# Forum About Russia Sports and Olympics  Русский футбол

## Dagest

Привет! 
Кто-нибудь поддержеваете рксский футболнный команда? 
Я решил поллержеваю "локомотив москва".  Думаю можно этому помoгeт моему русскему яазыку тоже. 
Сегодня локомотив побелият ЦСКА.  
Можно скажу "Кому-нибудь русский футбол нравится?"? 
Может быт Я должен скажу "Вам-нибудь..."?  
Please correct my Russian and tell me if you like Russian football. 
Cheers.

----------


## adoc

Кто-нибудь болеет за русскую футбольную команду?
Я решил болеть за "Локомотив-Москва".  Думаю, это может помочь мне с моим русским языком. Сегодня Локомотив победил ЦСКА.  Можно сказать "Кому-нибудь русский футбол нравится?"? Может быть, я должен сказать "Вам-нибудь..."?  
No, Вам-нибудь doesnt exist.

----------


## flowforever

> Привет! 
> Кто-нибудь поддерживает русскую футбольную команду? 
> Я решил поддерживать "локомотив москва".  Думаю, это помoжeт моему русскому языку. (better: поможет мне в изучении русского языка) 
> Сегодня локомотив победил ЦСКА.

 http://www.tradeinfo.ru/?club/club-info

----------


## Оля

Dagest!!
Ты молодец!!!! Я даже тебя за ошибки ругать не буду! 
Я ТОЖЕ БОЛЕЮ ЗА ЛОКОМОТИВ!!!!   ::   ::   ::   
И мы сегодня обыграли ЦСКА!   ::   ::   ::

----------


## Бармалей

It's funny how the word "to be ill" is the same as "to be a fan of."   ::  I guess its literally saying that he is "smitten" with this club? Also, would it be better for him to say думаю, *что* это помoжeт моему русскому языку?

----------


## Dagest

Спасибо все за помогали мой русского языку.  Я знаю это не очень хорошый.  Всё-таки, буду изучать хорошо.  Мне кажется "болеть" лучщий слово чем "роддерживать". 
Оля, Я знакомилюсь с вами.  Поздравдяю о локомотив! 
Вы знаете где могу увидет локомотива голов?  Увидал "спартак" сайт, который(ую?) у их есть сратака голов. 
Моя команда в англии бристол город:  http://www.bcfc.premiumtv.co.uk/page...,10327,00.html[/url]

----------


## flowforever

http://www.fclm.ru/index2.html

----------


## kalinka_vinnie

ЗЕНИТ! оооооОООооо ЗЕНИТ!!!!

----------


## Dagest

Спасибо но знаю зту сайт уже.  Могу нет найти голы в сайте.

----------


## flowforever

1, 2, 3. Зенитушка дави!
Самый лучший коллектив...это наш Локомотив!

----------


## Chuvak

> Спасибо всем за то, что помогли  мне с русским языком.  Я знаю его не очень хорошо.  Всё-таки, буду изучать его усердно.  Мне кажется слово "болеть" лучше чем слово "поддерживать". 
> Оля, Я обязательно познакомлюсь с вами.  Поздравляю локомотив!  (Не знаю что такое голов.. может быть goal)Вы знаете где я могу увидеть локомотива голов?  Видел сайт "спартака", который у их есть сратака голов. 
> Моя команда в англии бристол город:  http://www.bcfc.premiumtv.co.uk/page...,10327,00.html[/url]

----------


## Dagest

Я был очень жалкий, что зенит проиграют в "UEFA Cup".   ::

----------


## Оля

> Я был очень жалкий, что зенит проиграют в "UEFA Cup".

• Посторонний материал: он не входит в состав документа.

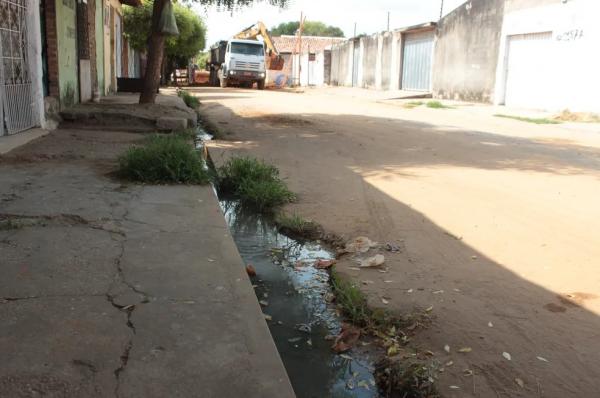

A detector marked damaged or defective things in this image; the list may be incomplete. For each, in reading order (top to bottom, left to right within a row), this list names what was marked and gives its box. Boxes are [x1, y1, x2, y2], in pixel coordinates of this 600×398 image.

cracked concrete pavement [0, 129, 296, 396]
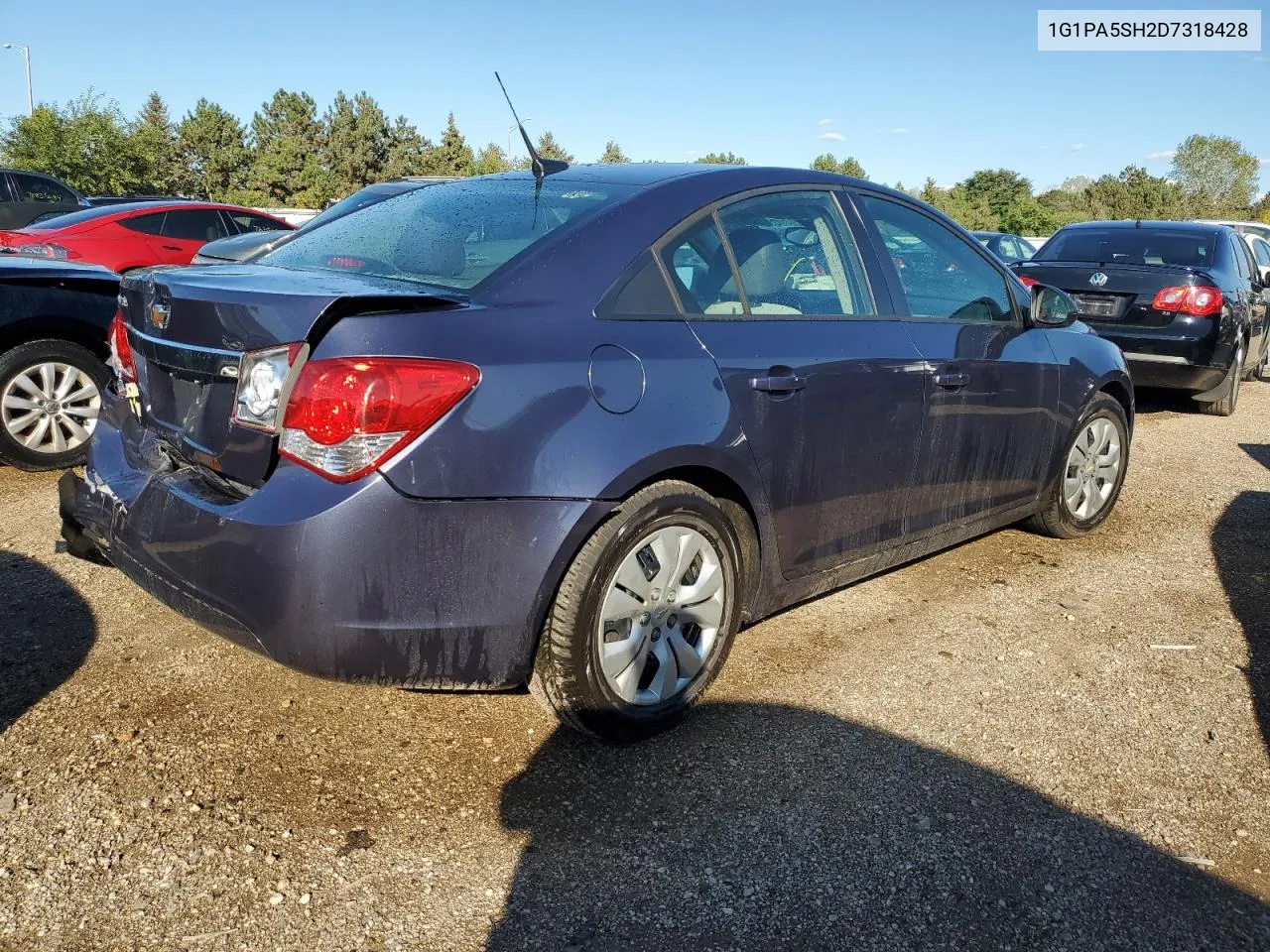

 "Я был очень жалкий" = "I was very pitiful"  Мне было очень жаль, что Зенит проиграл в UEFA.

----------


## Оля

Голы здесь:  http://gol.mkafisha.ru/

----------


## Dagest

Спасибо оля.  Этот сайт очень хорошо.  Думаю первую гол очень счастливый!

----------


## Rtyom

Hey, Dagest. Why did you end up with Russian football?

----------


## BlackMage

> ЗЕНИТ! оооооОООооо ЗЕНИТ!!!!

 "Ты болеешь за Зенит, я болею за Зенит,
Мы болеем за Зенит, и Зенит всех победит!"

----------


## Dagest

> Hey, Dagest. Why did you end up with Russian football?

 I have loved football for a long time and I have been studying Russian for nearly a year now (I don't know if it shows).  Anyway, it seemed kind of natural to marry the two.  I hope that following Lokomotiv will give me an opportunity to practice my Russian more.

----------


## Rtyom

At least, it shows you _have_ studied something.  ::  A good start, anwyay.

----------


## Abreiter

I support Zenit since I'm from Leningrad, but Sychev's my fave player in Russia [and IMO the best one in our NT] 
Would love to see him alongside Kerz and Arshavin wearing the blue shirt one day... not that unlikely IMO, after all he's a good friend of Kerzhakov's.

----------


## kalinka_vinnie

I guess you know Erik Hagen, then? He played for my favorite Norwegian team, V

----------


## Dagest

Как вы думаете о гус хидинк? 
Мне кажется ему очень успешному менежеру. 
Надеюсь он будет помочь русского команды.

----------


## Dimitri

> Что вы думаете о Гусе Хиддинке? 
> Мне кажется, он очень успешный менеджер. 
> Надеюсь, он поможет русской команде.

 Мы тоже надеемся   ::

----------